Transforming document extraction with machine learning
PSPDFKit Processor has been deprecated and replaced by Document Engine. To start using Document Engine, refer to the migration guide. With Document Engine, you’ll have access to robust new capabilities (read the blog for more information).
The extraction of key-value pairs involves two tasks:
-
Use OCR technology to recognize unstructured information and text in a document.
-
Use machine learning, specifically deep learning, to make sense of the unstructured information by composing links between different parts of the extracted text.
A combination of both approaches is necessary to achieve the best results in data extraction. For this reason, PSPDFKit recognizes text and key-value pairs based on a hybrid approach of the following methods:
-
Heuristics
-
Mathematics
-
Machine learning (ML)
This approach produces superior results compared to traditional optical character recognition (OCR) and pure ML approaches.
Traditional Approaches
This section explains the traditional approaches to key-value pair extraction.
Traditional OCR
Extracting data with the traditional OCR approach is based on heuristics. The biggest limitation of the traditional OCR approach is that it needs to use a different template for each document type. This works well for simple documents with structured data. However, extracting data with the traditional OCR approach doesn’t perform well with unstructured or semi-structured documents.
Extracting data with this approach suffers from the same limitations as traditional OCR engines that have difficulties recognizing text in the following contexts:
-
Colored backgrounds
-
Glaring
-
Skew
-
Text in tables and graphics
-
Handwritten text
Lastly, data extraction solutions relying only on traditional OCR are difficult to scale.
Machine Learning and Deep Learning
Data extraction solutions that leverage machine learning and deep learning use artificial intelligence (AI) technologies to mitigate traditional OCR limitations.
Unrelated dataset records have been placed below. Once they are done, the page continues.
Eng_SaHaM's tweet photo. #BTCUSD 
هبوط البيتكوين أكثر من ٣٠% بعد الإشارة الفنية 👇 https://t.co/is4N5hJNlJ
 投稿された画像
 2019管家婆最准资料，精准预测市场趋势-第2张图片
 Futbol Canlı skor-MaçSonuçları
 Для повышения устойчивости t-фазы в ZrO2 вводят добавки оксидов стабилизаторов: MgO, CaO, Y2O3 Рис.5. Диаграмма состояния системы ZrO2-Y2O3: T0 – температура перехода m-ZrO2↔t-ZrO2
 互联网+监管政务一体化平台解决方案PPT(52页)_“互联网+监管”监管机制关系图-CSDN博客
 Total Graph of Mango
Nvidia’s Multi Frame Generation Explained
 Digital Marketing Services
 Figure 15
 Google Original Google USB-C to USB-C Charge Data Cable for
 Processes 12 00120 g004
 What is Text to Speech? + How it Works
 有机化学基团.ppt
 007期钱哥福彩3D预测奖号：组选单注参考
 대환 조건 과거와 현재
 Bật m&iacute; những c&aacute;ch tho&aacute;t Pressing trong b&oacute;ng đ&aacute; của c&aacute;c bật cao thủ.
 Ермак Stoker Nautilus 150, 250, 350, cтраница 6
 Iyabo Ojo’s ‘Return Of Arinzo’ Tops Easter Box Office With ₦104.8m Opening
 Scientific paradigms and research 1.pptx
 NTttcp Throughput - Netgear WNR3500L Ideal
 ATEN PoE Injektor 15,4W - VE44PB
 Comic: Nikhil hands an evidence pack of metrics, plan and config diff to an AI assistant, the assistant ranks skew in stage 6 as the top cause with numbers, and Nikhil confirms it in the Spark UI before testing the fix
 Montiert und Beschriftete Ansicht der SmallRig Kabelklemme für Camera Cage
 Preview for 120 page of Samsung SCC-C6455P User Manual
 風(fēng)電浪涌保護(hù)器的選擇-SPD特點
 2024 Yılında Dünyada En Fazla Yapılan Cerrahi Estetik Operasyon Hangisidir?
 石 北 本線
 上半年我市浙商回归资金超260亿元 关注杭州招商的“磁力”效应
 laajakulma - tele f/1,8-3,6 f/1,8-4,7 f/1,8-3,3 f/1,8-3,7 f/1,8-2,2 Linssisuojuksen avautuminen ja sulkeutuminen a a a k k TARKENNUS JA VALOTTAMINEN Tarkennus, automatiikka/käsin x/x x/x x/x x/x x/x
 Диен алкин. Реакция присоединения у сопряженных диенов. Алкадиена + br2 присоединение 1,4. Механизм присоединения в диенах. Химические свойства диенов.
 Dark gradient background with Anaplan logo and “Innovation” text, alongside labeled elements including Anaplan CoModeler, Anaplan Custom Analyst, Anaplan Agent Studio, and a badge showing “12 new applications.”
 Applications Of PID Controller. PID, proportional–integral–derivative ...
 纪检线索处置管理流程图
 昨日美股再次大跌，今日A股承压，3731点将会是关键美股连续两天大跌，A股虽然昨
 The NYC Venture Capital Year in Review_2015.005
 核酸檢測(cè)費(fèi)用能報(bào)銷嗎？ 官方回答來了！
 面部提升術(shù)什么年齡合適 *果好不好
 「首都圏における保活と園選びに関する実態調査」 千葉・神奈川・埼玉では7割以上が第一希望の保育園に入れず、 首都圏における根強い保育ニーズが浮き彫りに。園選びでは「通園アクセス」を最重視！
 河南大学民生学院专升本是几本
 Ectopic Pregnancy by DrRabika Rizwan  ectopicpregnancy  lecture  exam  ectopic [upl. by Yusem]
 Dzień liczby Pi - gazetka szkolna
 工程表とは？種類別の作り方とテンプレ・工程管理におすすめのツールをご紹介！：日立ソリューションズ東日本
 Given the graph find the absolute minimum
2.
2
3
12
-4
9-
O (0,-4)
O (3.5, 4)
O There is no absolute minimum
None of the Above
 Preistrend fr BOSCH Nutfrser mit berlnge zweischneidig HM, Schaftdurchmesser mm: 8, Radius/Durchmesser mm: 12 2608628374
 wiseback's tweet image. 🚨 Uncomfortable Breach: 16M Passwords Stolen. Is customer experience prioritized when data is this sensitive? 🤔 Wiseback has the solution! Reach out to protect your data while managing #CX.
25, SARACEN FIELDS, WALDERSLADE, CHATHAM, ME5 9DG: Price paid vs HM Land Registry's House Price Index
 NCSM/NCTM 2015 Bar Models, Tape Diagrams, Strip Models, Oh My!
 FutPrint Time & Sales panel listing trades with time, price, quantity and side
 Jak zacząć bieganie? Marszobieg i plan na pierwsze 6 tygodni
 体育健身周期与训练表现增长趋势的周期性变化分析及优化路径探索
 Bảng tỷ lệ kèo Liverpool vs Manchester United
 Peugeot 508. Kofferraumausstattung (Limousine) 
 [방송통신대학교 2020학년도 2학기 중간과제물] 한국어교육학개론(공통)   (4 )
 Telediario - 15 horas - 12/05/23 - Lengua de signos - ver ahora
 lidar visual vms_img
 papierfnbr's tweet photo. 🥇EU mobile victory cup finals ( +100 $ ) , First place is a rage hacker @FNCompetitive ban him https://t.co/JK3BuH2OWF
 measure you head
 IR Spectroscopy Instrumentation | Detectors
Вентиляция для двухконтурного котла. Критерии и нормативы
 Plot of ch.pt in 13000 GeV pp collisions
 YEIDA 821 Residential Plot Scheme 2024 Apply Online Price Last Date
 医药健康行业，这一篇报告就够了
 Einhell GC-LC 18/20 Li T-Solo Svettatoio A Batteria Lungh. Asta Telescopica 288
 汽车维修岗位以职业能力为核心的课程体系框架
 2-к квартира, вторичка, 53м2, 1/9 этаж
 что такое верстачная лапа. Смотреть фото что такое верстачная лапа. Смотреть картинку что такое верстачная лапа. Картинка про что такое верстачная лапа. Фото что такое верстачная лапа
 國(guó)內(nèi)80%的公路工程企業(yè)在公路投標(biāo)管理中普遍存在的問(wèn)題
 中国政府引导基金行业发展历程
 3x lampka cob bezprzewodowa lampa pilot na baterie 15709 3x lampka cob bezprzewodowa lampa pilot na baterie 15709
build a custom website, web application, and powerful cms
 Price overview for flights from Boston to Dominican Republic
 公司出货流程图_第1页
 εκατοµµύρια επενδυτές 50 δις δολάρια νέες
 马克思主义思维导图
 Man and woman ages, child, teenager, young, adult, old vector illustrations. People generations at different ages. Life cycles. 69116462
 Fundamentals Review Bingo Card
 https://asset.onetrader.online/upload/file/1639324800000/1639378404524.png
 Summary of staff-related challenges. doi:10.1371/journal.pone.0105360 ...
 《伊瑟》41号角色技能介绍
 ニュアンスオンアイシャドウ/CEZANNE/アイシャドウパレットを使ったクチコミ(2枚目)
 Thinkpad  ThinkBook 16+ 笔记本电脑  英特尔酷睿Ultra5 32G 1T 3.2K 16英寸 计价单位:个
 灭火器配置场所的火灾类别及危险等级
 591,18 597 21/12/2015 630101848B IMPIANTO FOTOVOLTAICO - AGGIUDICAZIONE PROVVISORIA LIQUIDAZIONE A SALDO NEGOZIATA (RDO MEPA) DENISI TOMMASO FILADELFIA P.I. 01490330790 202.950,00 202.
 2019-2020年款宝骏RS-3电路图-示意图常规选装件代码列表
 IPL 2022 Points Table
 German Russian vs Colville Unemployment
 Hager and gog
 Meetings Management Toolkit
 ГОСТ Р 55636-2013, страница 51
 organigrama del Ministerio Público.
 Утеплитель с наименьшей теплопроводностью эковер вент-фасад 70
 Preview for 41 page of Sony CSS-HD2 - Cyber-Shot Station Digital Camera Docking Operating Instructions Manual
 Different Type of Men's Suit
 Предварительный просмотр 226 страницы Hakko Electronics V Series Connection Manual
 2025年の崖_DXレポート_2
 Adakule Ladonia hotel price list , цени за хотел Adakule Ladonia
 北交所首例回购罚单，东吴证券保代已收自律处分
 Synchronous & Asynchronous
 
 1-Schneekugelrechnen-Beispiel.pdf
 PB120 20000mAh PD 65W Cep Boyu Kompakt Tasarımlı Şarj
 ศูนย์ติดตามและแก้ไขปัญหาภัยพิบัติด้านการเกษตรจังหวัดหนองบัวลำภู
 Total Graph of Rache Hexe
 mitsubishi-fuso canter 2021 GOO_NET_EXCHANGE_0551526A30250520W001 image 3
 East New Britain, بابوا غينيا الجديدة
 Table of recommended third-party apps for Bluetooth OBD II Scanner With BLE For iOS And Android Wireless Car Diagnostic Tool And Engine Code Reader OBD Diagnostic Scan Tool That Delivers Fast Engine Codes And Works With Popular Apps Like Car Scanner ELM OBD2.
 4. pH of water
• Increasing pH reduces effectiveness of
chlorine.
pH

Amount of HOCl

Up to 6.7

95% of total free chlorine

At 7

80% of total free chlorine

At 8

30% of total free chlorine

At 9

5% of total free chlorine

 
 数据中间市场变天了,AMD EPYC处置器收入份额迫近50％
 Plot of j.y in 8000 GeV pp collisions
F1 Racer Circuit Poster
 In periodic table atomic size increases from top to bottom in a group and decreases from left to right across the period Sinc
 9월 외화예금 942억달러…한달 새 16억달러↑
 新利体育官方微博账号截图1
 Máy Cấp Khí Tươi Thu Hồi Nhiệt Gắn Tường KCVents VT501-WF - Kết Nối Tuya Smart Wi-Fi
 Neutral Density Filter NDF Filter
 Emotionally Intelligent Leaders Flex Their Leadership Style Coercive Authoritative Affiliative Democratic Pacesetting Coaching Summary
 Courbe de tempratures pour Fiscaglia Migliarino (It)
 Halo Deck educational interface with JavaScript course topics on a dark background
These deep learning approaches are usually a combination of different techniques, such as convolutional neural networks, long short-term memory layers, transformers, and graph neural networks.
Data extraction relying only on machine learning and deep learning often fails for documents with a lot of noise and dotted lines.
PSPDFKit Data Model
By automatically recognizing the document type, PSPDFKit adapts to the context and determines the extraction approach that makes the best use of available resources. PSPDFKit recognizes the document type based on adaptive layout understanding and natural language processing (NLP) technologies. This hybrid approach includes heuristics, mathematics, and machine learning (ML), and it address the usual weaknesses of the traditional OCR and pure ML engines.
The PSPDFKit data model enables you to extract data from documents with excellent results. PSPDFKit’s hybrid approach performs better than traditional OCR and pure ML engines, especially for documents with the following features:
-
Noise
-
Dotted lines
-
Broken characters
-
Text on colored backgrounds
-
Underlined text
-
Skewed text
-
Text in graphics and tables